YOUR GOAL: From the records below, please repeat exactly the line that has "Both datasets contain", the line that has "Chaise De Salle", and every line between them, and nothing else.
Segment Start: RECORDS FOR THIS TASK
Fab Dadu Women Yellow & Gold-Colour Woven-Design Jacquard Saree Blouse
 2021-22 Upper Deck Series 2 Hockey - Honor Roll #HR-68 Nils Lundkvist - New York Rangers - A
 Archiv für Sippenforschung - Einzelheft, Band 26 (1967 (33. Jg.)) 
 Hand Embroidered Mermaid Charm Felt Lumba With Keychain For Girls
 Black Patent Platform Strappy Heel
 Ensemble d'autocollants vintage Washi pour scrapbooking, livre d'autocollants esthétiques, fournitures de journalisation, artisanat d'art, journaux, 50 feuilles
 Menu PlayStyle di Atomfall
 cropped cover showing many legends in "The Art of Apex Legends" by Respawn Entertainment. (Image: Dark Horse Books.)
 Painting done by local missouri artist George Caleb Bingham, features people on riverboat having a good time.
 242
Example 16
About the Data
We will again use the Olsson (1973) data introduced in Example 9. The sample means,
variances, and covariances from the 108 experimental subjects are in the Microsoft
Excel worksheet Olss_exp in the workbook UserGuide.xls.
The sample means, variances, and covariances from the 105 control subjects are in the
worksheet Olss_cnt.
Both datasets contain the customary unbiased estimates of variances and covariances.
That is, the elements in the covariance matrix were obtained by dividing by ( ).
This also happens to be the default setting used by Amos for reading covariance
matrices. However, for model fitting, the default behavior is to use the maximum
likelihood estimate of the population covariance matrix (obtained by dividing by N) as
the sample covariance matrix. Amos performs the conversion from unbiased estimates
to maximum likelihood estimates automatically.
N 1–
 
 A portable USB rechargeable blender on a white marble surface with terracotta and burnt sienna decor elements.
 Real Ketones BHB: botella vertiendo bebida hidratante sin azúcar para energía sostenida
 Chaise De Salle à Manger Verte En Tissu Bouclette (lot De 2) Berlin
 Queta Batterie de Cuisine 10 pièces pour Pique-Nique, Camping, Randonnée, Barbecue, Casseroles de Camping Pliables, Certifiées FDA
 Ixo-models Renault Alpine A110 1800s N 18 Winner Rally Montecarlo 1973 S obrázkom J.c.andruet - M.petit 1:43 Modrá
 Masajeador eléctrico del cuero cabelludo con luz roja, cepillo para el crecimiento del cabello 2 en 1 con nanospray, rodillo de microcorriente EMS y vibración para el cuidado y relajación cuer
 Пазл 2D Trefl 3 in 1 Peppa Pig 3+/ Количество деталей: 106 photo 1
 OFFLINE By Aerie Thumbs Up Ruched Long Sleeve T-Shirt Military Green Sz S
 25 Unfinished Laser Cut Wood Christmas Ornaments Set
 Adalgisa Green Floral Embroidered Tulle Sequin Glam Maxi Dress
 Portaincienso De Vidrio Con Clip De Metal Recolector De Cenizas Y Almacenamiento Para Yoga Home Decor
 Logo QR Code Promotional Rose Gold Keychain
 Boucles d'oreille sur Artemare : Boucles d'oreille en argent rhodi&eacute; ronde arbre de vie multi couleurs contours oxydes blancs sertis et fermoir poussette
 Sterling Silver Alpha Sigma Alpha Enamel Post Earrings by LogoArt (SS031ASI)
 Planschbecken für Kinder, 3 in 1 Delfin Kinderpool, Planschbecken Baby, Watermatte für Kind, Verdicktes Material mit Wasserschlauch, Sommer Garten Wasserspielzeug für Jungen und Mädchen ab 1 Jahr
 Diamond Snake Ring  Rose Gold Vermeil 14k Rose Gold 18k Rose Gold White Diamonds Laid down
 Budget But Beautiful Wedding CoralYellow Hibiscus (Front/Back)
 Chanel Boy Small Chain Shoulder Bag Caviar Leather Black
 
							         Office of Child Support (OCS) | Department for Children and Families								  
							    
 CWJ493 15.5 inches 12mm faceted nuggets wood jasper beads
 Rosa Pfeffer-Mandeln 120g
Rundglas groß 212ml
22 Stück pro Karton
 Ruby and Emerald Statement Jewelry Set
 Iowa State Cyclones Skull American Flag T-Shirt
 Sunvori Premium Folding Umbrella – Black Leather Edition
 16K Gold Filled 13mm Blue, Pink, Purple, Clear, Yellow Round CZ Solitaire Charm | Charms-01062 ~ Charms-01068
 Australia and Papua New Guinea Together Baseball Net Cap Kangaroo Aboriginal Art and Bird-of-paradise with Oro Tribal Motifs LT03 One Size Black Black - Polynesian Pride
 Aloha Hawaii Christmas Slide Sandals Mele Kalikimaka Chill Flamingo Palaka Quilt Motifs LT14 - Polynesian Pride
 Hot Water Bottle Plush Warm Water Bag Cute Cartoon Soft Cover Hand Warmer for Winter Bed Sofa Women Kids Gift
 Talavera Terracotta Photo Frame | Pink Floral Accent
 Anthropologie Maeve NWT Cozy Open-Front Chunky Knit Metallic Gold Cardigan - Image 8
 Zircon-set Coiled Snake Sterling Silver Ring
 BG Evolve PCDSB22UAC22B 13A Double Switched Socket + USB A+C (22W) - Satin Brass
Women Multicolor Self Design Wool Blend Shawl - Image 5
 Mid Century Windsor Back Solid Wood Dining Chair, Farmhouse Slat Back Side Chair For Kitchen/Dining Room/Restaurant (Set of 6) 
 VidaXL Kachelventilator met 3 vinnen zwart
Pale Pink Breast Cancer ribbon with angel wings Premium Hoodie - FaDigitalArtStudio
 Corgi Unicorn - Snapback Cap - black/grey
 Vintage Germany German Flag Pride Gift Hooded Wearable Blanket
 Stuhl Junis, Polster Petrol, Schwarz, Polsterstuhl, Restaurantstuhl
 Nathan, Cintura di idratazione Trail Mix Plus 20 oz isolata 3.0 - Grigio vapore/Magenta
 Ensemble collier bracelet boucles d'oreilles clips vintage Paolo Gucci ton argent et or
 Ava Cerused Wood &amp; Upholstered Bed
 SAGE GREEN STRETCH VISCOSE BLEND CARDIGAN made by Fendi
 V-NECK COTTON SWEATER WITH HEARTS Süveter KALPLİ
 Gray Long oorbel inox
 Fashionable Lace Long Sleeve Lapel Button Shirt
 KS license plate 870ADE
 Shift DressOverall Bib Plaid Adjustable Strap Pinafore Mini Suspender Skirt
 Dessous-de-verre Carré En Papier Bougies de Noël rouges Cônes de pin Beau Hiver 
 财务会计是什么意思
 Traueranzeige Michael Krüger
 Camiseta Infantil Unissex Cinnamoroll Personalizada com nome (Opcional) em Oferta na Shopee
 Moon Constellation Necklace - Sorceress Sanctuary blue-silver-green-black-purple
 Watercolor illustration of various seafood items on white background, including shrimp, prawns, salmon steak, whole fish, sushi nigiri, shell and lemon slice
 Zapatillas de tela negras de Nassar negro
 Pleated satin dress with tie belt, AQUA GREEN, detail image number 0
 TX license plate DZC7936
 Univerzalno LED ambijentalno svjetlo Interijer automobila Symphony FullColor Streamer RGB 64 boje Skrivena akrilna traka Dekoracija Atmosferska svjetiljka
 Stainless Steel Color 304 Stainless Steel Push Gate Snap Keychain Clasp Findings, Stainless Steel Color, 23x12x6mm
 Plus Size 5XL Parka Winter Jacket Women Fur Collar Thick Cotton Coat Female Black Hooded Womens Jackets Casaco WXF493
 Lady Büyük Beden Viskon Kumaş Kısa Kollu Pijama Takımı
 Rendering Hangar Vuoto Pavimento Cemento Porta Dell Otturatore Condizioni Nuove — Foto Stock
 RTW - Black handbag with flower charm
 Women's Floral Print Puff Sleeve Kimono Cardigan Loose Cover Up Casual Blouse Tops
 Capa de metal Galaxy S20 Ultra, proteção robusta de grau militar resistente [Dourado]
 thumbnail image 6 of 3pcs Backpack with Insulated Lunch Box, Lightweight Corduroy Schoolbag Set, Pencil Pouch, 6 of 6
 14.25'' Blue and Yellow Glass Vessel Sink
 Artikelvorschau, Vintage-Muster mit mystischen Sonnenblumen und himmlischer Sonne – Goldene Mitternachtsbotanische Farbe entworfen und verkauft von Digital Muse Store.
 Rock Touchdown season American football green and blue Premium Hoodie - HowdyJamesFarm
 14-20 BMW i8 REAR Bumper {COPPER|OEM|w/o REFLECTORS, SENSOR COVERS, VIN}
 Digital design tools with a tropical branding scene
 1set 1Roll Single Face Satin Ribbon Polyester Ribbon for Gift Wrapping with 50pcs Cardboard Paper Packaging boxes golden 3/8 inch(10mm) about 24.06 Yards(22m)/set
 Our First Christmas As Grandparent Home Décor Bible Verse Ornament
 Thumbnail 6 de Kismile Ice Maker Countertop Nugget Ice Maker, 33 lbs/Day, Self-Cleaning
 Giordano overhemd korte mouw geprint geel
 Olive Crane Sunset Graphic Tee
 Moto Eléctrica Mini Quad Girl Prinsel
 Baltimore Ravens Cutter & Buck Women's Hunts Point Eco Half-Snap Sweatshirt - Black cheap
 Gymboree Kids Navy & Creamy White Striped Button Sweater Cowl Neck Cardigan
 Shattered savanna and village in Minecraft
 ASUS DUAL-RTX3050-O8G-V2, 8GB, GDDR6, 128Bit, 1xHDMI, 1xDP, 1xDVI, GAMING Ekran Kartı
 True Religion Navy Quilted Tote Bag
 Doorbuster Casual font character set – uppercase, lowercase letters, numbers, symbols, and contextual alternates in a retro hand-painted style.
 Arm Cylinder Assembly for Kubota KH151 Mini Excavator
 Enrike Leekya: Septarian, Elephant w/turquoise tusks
Segment End: RECORDS FOR THIS TASK
EXERCISE OUTPUT:
Both datasets contain the customary unbiased estimates of variances and covariances.
That is, the elements in the covariance matrix were obtained by dividing by ( ).
This also happens to be the default setting used by Amos for reading covariance
matrices. However, for model fitting, the default behavior is to use the maximum
likelihood estimate of the population covariance matrix (obtained by dividing by N) as
the sample covariance matrix. Amos performs the conversion from unbiased estimates
to maximum likelihood estimates automatically.
N 1–
 
 A portable USB rechargeable blender on a white marble surface with terracotta and burnt sienna decor elements.
 Real Ketones BHB: botella vertiendo bebida hidratante sin azúcar para energía sostenida
 Chaise De Salle à Manger Verte En Tissu Bouclette (lot De 2) Berlin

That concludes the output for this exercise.